Entries provided:
====

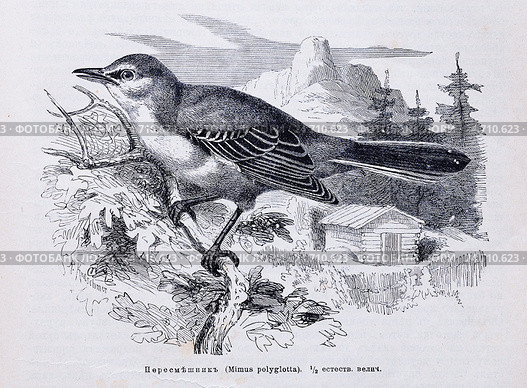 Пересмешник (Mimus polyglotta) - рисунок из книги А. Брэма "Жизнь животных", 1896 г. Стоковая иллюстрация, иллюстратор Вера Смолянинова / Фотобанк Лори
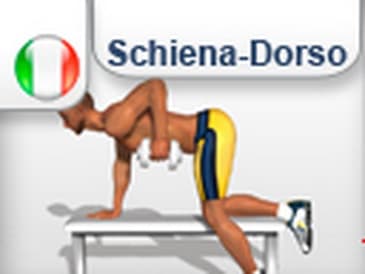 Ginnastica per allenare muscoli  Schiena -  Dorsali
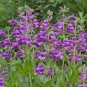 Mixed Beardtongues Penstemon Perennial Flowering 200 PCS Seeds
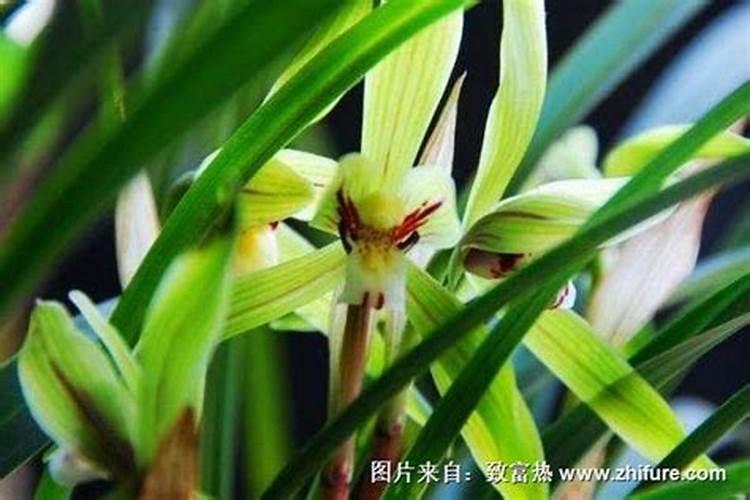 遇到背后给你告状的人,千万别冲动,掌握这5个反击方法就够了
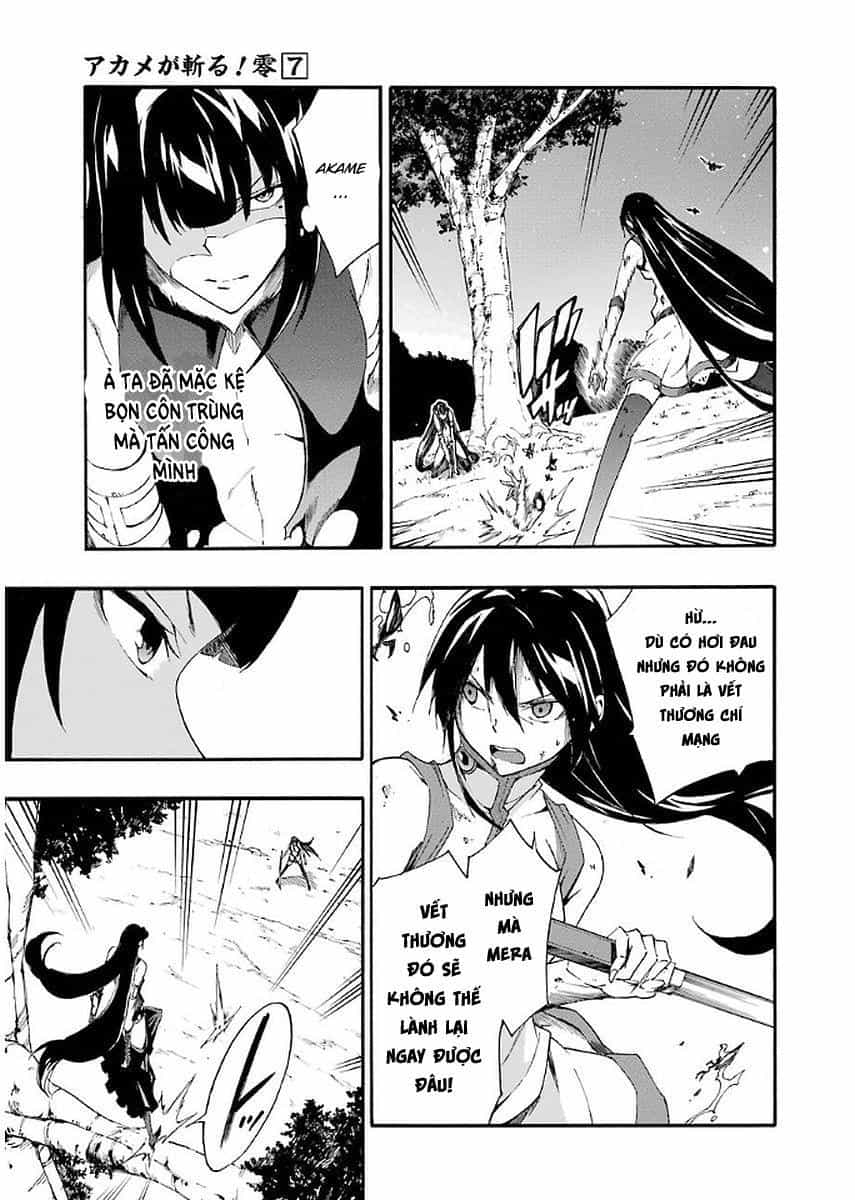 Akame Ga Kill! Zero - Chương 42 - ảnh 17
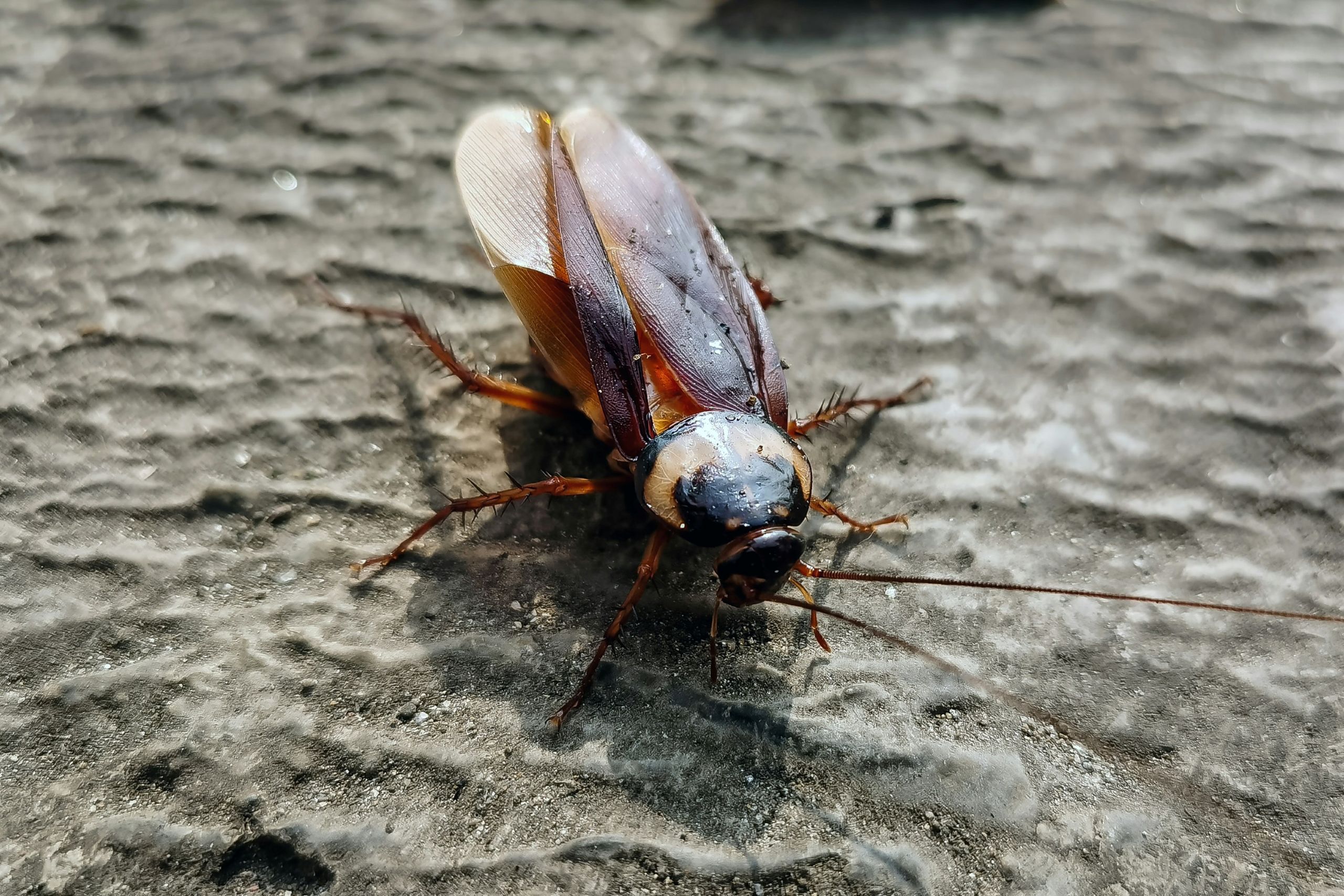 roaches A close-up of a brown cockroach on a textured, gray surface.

====

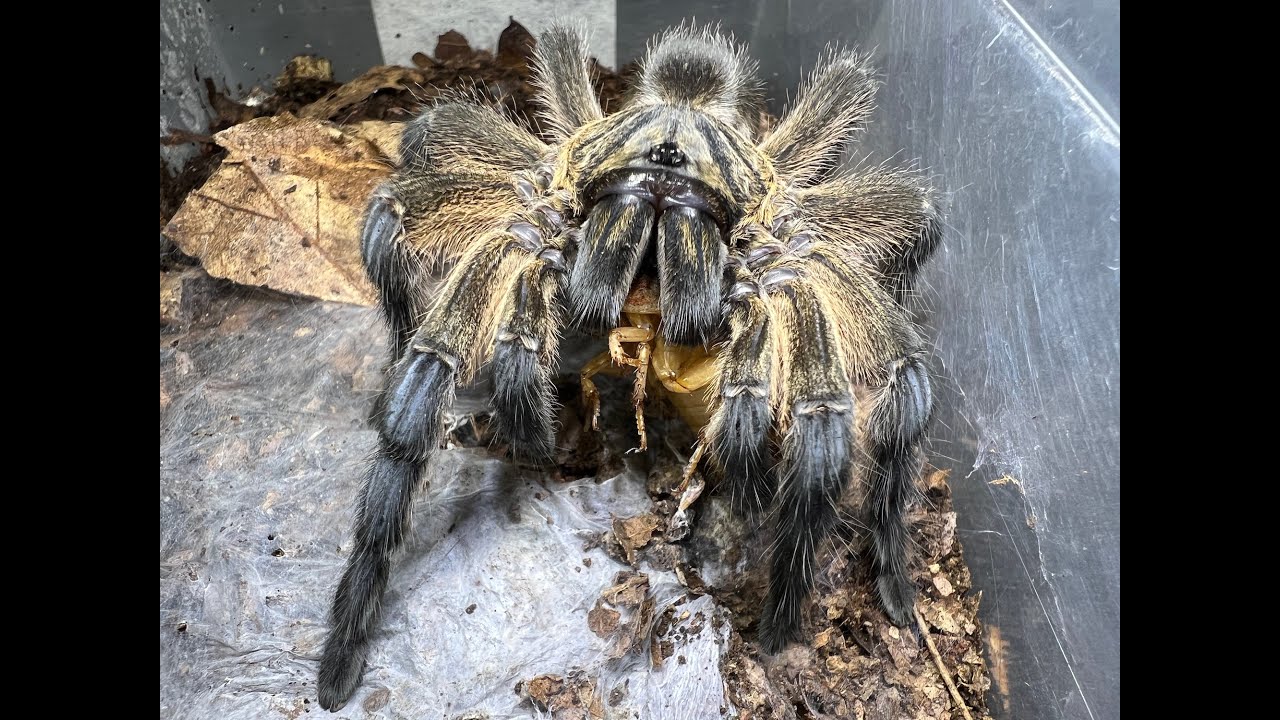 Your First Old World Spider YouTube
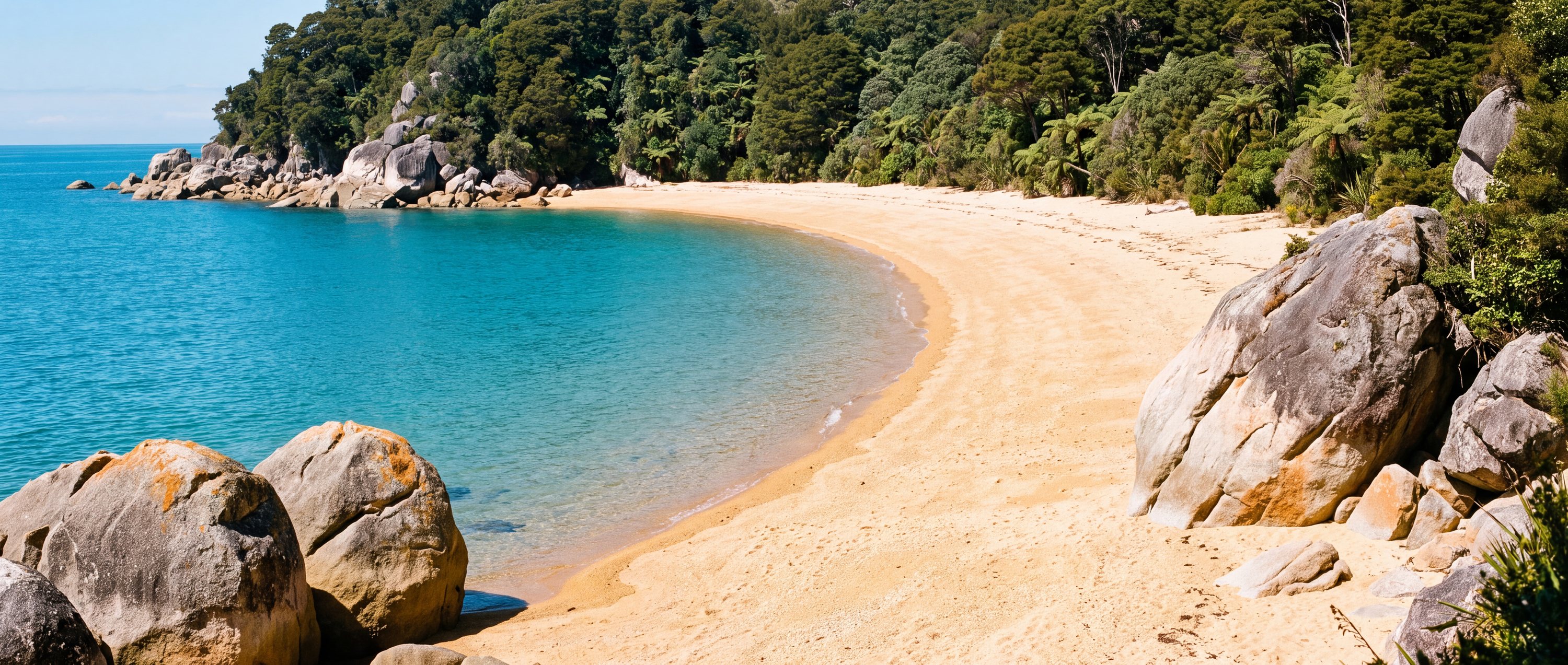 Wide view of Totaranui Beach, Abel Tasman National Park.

====

What you will do: Each line above starting at the one holding "Akame Ga Kill! Zero - Chương 42 - ảnh 17" and ending at the one holding "roaches A close-up" should be set down exactly as it stands, both ends included, with no pictures.

Task response:
 Akame Ga Kill! Zero - Chương 42 - ảnh 17
 roaches A close-up of a brown cockroach on a textured, gray surface.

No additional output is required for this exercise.